More precisely, the Cabezas admitted to the charges in an information which charged only the two substantive offenses from the indictment. In exchange for the plea, the government agreed to dismiss the superseding indictment which included the two drug trafficking charges and the conspiracy charge.
Back in Illinois, on June 14, 1988, a judge of the Circuit Court of Cook County ordered the court clerk to turn over the bail money, which came to $112,400, to Terry Sullivan. In December of the same year, the Sullivan firm filed a declaratory judgment action in the Northern District of Illinois to establish its right to the money. At the request of the government, the action was transferred to the Eastern District of Wisconsin. Although Judge Curran had entered a final forfeiture order in September 1988 granting the government title to the bond funds new in the hands of Sullivan, the government neither received them nor took any action until June 5, 1989 when it filed a petition to show cause why Sullivan should not deliver the money to the United States Marshal.
Ten percent of the money originally filed is retained by the circuit court for "bail bond costs." Ill.Rev.Stat. ch. 38, para. 110-7(f) (West Supp. 1990).

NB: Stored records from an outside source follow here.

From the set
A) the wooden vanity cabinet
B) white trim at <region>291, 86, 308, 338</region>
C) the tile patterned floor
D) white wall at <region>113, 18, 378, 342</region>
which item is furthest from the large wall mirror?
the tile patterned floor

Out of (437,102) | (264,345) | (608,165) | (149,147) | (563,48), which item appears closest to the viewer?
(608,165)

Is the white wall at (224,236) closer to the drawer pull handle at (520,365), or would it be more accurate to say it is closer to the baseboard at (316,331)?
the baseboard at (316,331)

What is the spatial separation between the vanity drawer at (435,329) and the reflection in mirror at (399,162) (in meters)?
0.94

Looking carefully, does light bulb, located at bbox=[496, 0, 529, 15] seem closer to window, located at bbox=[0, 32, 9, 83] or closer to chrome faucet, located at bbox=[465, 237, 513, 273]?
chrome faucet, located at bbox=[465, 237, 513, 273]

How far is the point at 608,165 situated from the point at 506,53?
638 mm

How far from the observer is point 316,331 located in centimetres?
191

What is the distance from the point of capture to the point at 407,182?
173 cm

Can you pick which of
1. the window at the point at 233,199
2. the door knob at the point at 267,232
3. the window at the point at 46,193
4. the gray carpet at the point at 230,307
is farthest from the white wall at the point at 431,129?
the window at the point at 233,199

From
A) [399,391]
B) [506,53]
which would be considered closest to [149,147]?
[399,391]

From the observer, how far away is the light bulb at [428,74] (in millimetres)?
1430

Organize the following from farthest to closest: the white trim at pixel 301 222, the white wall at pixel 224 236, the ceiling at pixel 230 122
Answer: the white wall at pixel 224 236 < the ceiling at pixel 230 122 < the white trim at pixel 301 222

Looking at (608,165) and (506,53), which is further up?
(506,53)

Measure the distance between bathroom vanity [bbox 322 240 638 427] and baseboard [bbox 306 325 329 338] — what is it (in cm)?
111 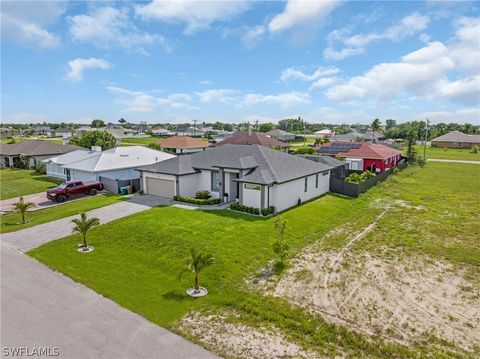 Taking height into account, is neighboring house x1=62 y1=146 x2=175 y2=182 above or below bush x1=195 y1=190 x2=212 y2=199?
above

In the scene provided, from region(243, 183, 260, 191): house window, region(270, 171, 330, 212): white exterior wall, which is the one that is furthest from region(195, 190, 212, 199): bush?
region(270, 171, 330, 212): white exterior wall

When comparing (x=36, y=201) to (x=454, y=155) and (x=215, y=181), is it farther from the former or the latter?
(x=454, y=155)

On June 9, Judge Curran entered an order to show cause. Sullivan appeared and contested jurisdiction. Judge Curran ordered Sullivan to decide whether he would move to reopen the forfeiture judgment. Sullivan did not move to reopen, but stood on his jurisdictional arguments, which the district court declined to accept. Sullivan's declaratory judgment action also came out against him, since Judge Warren dismissed the suit, finding that any separate action to determine the rights over "property subject to forfeiture" was barred under the forfeiture statute. 21 U.S.C. § 853(k) (1988).
We review both the dismissal of Sullivan's declaratory judgment action and the order that Sullivan turn over the bail money to the government.
Analysis.
The government obtained the order of forfeiture of the bond money held by Sullivan pursuant to the following statutory language:
Any person convicted of a violation of this subchapter [relating to continuing criminal enterprises] or subchapter II of this chapter [relating to drug trafficking offenses] punishable by imprisonment of more than one year shall forfeit to the United States, irrespective of any provision of State law —
(1) any property constituting, or derived from any proceeds the person obtained, directly or indirectly, as the result of such violation;
(2) any of the person's property used, or intended to be used, in any manner or part, to commit, or to facilitate the commission of, such violation, . . . .

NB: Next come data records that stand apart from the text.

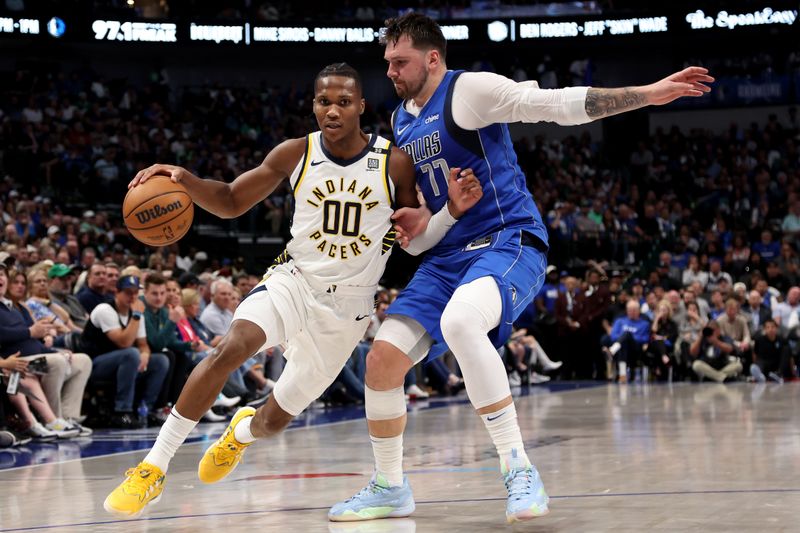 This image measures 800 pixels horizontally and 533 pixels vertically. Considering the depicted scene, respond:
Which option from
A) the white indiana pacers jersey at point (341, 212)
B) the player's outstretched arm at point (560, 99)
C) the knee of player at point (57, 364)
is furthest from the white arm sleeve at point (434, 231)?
the knee of player at point (57, 364)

21 U.S.C. § 853(a)(1) (2) (1988).
Pursuant to the relation back portion of the statute, "[a]ll right, title, and interest in property described in subsection (a) of this section vests in the United States upon the commission of the act giving rise to forfeiture under this section." Id. at § 853(c). The government has a property interest, therefore, in certain assets from the time drug trafficking crimes (among others) have been committed which is not perfected until the property owner is convicted of the crime alleged and the jury returns a special verdict that the property is forfeitable under the terms of the statute, Fed.R.Crim.P. 31(e); United States v. Kingsley, 851 F.2d 16, 19-20 (1st Cir. 1988), or, as in the present case, the defendant pleads guilty to the offenses, agrees to the forfeiture and the court finds a factual basis for the defendant's forfeiture plea. See United States v. Roberts, 749 F.2d 404, 409-10 (7th Cir. 1984) (affirming a forfeiture pursuant to a plea agreement to a RICO violation), cert. denied, 470 U.S. 1058, 105 S.Ct. 1770, 84 L.Ed.2d 830 (1985).
In fact, the Senate Report relating to the Crime Control Act points out that the government cannot be sure that it is conveying clear title to forfeited property until a hearing on third-party claims has been held. S.Rep. No. 225, 98th Cong., 2d Sess. 209, reprinted in 1984 U.S. Code Cong. Admin.News 3182, 3392.
This unperfected property interest extends to assets which have been transferred to third parties, "unless the transferee establishes in a hearing pursuant to subsection (n) of this section that he is a bona fide purchaser for value of such property who at the time of purchase was reasonably without cause to believe that the property was subject to forfeiture under this section." 21 U.S.C. § 853(c). In addition to showing that a transferee is a good faith purchaser for value, a transferee may show that his or her interests were acquired prior to the commission of prohibited acts by the defendant. 21 U.S.C. § 853(n)(6)(A).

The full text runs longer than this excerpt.